DBFace框架是可以同时获得人脸检测和关键点定位,相较与人脸检测和关键点定位分开的做法有一定的优势,减少了对原图的crop和resize操作,并且对多人脸的情况,这种操作是对人脸个数敏感的,后期倾向也是将人脸检测和关键点定位,甚至后期的segmentation放到一套代码中去完成了.
使用DBFace的原因主要还是算法很快,精度也不错!
代码的主体是作者创建了一个App类,其中主要是超参数的设定,网络结构的设定,三个loss的定义,数据的下载,训练的过程等
class App(object):
def __init__(self, labelfile, imagesdir, numlandmarks):
self.numlandmarks = numlandmarks # 增加关键点数量设置
self.width, self.height = 800, 800 # 输入图片大小是800*800,这个后续要减少,否则时间肯定不能满足
self.mean = [0.408, 0.447, 0.47]
self.std = [0.289, 0.274, 0.278]
self.batch_size = 18
self.lr = 1e-4
self.gpus = [0] # [0, 1, 2, 3]
self.gpu_master = self.gpus[0]
self.model = DBFace(has_landmark=True, wide=64, has_ext=True, upmode="UCBA") # 网络主体定义的部分
self.model.init_weights() # 初始化权重
self.model = nn.DataParallel(self.model, device_ids=self.gpus)

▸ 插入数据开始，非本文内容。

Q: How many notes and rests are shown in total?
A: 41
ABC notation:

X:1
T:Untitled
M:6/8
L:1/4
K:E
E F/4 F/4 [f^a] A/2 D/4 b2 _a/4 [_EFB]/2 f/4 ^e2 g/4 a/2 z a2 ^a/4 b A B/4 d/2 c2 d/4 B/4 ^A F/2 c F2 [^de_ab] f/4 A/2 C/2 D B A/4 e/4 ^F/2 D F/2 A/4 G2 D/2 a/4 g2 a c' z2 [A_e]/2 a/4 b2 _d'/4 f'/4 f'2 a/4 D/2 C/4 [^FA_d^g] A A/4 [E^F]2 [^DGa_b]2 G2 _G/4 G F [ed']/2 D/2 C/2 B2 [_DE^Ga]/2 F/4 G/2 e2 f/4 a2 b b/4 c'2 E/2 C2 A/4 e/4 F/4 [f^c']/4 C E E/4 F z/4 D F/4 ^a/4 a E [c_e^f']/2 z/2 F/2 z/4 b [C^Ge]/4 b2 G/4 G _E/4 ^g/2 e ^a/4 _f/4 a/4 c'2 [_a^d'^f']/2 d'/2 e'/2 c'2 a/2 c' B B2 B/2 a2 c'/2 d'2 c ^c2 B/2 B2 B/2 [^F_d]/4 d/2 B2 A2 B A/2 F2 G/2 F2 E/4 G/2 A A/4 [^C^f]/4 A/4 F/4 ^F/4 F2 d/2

self.model.cuda(device=self.gpu_master)
self.model.train()
# 三个loss 的部分
self.focal_loss = losses.FocalLoss()
self.giou_loss = losses.GIoULoss()
self.landmark_loss = losses.WingLoss(w=2)

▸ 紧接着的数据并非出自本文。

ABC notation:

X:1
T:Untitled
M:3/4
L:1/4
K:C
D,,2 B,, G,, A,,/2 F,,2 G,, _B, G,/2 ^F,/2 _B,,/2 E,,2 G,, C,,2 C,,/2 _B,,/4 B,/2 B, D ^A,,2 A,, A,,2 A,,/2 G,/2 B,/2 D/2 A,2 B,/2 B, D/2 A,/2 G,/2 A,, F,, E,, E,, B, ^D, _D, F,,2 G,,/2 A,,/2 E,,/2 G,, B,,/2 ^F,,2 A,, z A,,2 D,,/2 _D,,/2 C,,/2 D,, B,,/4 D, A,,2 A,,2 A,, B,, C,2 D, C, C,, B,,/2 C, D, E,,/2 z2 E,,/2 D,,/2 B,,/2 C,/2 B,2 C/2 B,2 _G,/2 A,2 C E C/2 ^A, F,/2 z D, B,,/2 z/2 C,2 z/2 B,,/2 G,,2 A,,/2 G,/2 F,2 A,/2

# 构建dataset部分,继承torch 的dataset类
self.train_dataset = LDataset(labelfile, imagesdir, numlandmarks, mean=self.mean, std=self.std,
width=self.width, height=self.height)
self.train_loader = DataLoader(dataset=self.train_dataset, batch_size=self.batch_size, shuffle=True,
num_workers=1)
# 优化器adam,使用默认的weight_decay=0
self.optimizer = torch.optim.Adam(self.model.parameters(), lr=self.lr)
self.per_epoch_batchs = len(self.train_loader)
self.iter = 0
self.epochs = 150
def set_lr(self, lr):
self.lr = lr
log.info(f"setting learning rate to: {lr}")
for param_group in self.optimizer.param_groups:
param_group["lr"] = lr
def train_epoch(self, epoch):
for indbatch, (images, heatmap_gt, heatmap_posweight, reg_tlrb, reg_mask, landmark_gt, landmark_mask, num_objs,
keep_mask) in enumerate(self.train_loader):
self.iter += 1
batch_objs = sum(num_objs)
batch_size = self.batch_size
if batch_objs == 0:
batch_objs = 1
heatmap_gt = heatmap_gt.to(self.gpu_master)
heatmap_posweight = heatmap_posweight.to(self.gpu_master)
keep_mask = keep_mask.to(self.gpu_master)
reg_tlrb = reg_tlrb.to(self.gpu_master)
reg_mask = reg_mask.to(self.gpu_master)
landmark_gt = landmark_gt.to(self.gpu_master)
landmark_mask = landmark_mask.to(self.gpu_master)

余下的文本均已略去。